Na semana passada, o presidente Lula resgatou
uma coisa de Brasília, adotada aqui entre 1995 e 1998, e a expandiu para todo o
Brasil: a ideia de depósito em poupança no nome de alunos do ensino médio para
ser resgatado quando eles concluírem seus cursos. Esse programa, aprovado agora
graças a um projeto de lei da deputada Tabata Amaral, ajudará a fazer no Brasil
a revolução que já deveríamos ter feito, ao garantir todos brasileiros com
ensino médio completo. Mais uma vez, a ideia muda sua característica inicial
sem perder sua origem em Brasília.
Ao chamar o programa de Pé de Meia, e não de
Poupança Escola, passa a ideia de que sua ênfase está mais na oferta da
poupança financeira do que na capitalização intelectual do beneficiário ao
concluir o ensino médio. O jovem formado para dispor do mapa, que lhe permita
enfrentar a vida na busca de sua felicidade, e das ferramentas, para contribuir
plenamente na construção de um Brasil melhor. A nova visão merece apoio, mas
não indica que a verdadeira poupança está no conhecimento acumulado graças à
formação do aluno, não no valor da poupança financeira que ele irá retirar e
gastar. A ideia da Poupança Escola era usar a reserva financeira como
instrumento de indução à educação; ao mudar o nome, a educação vira instrumento
para criar o Pé de Meia. Mesmo assim, haverá um grande impacto positivo e
podemos nos orgulhar do Brasil ter tirado proveito de uma coisa de Brasília que
já poderia estar em vigor nacionalmente desde 2003.
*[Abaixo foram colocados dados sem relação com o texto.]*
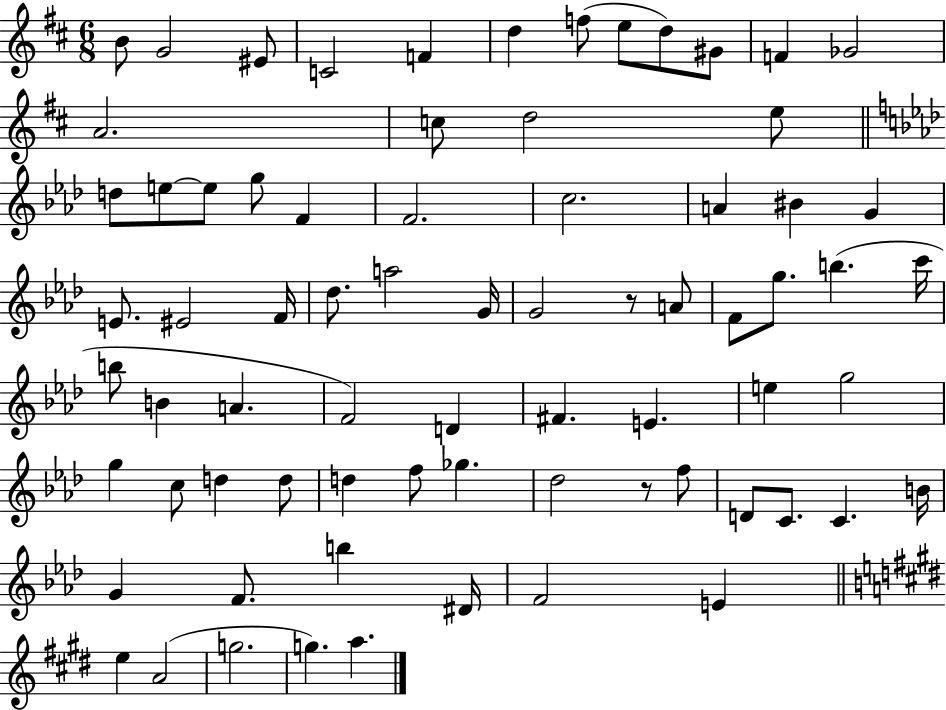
B4/e G4/h EIS4/e C4/h F4/q D5/q F5/e E5/e D5/e G#4/e F4/q Gb4/h A4/h. C5/e D5/h E5/e D5/e E5/e E5/e G5/e F4/q F4/h. C5/h. A4/q BIS4/q G4/q E4/e. EIS4/h F4/s Db5/e. A5/h G4/s G4/h R/e A4/e F4/e G5/e. B5/q. C6/s B5/e B4/q A4/q. F4/h D4/q F#4/q. E4/q. E5/q G5/h G5/q C5/e D5/q D5/e D5/q F5/e Gb5/q. Db5/h R/e F5/e D4/e C4/e. C4/q. B4/s G4/q F4/e. B5/q D#4/s F4/h E4/q E5/q A4/h G5/h. G5/q. A5/q.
Da mesma forma, em 1996, foi criado o
Programa de Avaliação Seriada (PAS), e a UnB passou a incentivar a dedicação do
aluno candidato ao longo dos três anos do ensino médio. O PAS é coisa de
Brasília, graças aos reitores Lauro Morhy e João Claudio Todorov e ao governo
do DF na época.
Foi em função de mais essa coisa de Brasília
que, em 2004, quase 10 anos depois, o Enem passou a ser usado como vestibular.
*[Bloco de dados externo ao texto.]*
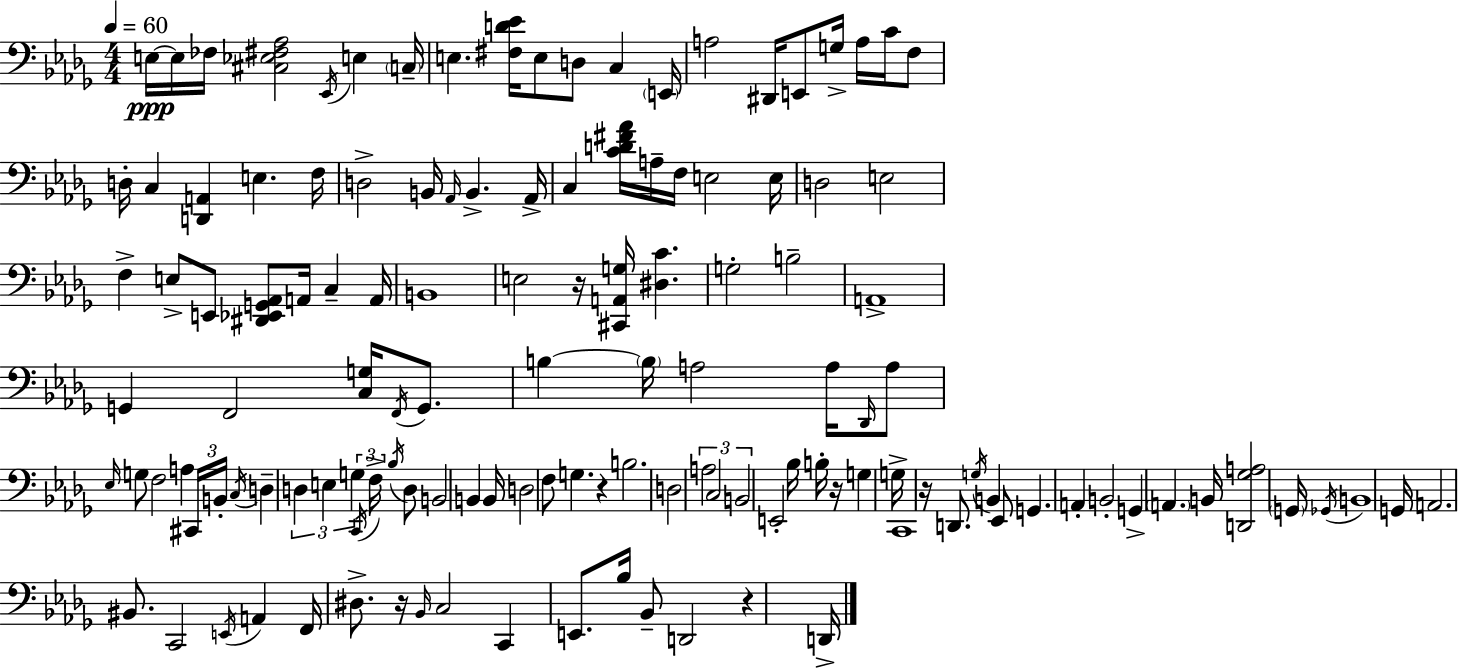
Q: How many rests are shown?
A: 6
Mas com o PAS, a UnB apoia o ensino médio, enquanto que o Enem trouxe a
vantagem de um vestibular comum às universidades. Ao utilizar um só exame ao
final do curso, perdeu-se a característica brasiliense de usar a universidade
como incentivo ao estudo ao longo dos três anos. Mas continuou coisa de
Brasília.
Até mesmo o Congresso o Brasil adotou coisas
de Brasília, implantadas graças a projetos de lei de parlamentares do DF, como
o piso nacional salarial para professor (Lei 11.738/2008), o acesso universal
ao ensino médio (Lei 12.061/2009) e a garantia de vaga no ensino fundamental a
partir dos 4 anos (Lei 11.700/2008).
Brasília também pode se orgulhar de ter sido
pioneira na implantação do respeito à faixa de pedestre. Esse esforço funciona
em Brasília e ainda não em outras cidades graças ao enfoque brasiliense de
considerar o funcionamento do trânsito como questão primordialmente de
educação, só depois de engenharia. Essa visão da educação como vetor do
progresso — eficiência econômica e justiça social — é coisa de Brasília.
Projetos como Saúde em Casa, Bolsa Alfa,
Projeto Saber, Mala do Livro, Telematrícula, Cesta Pré-Escola, BRB Trabalho,
Temporadas Populares são coisas de Brasília que se espalharam pelo Brasil — às
vezes, de forma idêntica, às vezes, com aprimoramento ou deturpação, mas sempre
trazendo melhoria para o país, como o Bolsa Escola, transformado em Bolsa
Família, e agora o Poupança Escola, mesmo sob a concepção de Pé de Meia.
*Cristovam Buarque, professor emérito da Universidade de Brasília (UnB)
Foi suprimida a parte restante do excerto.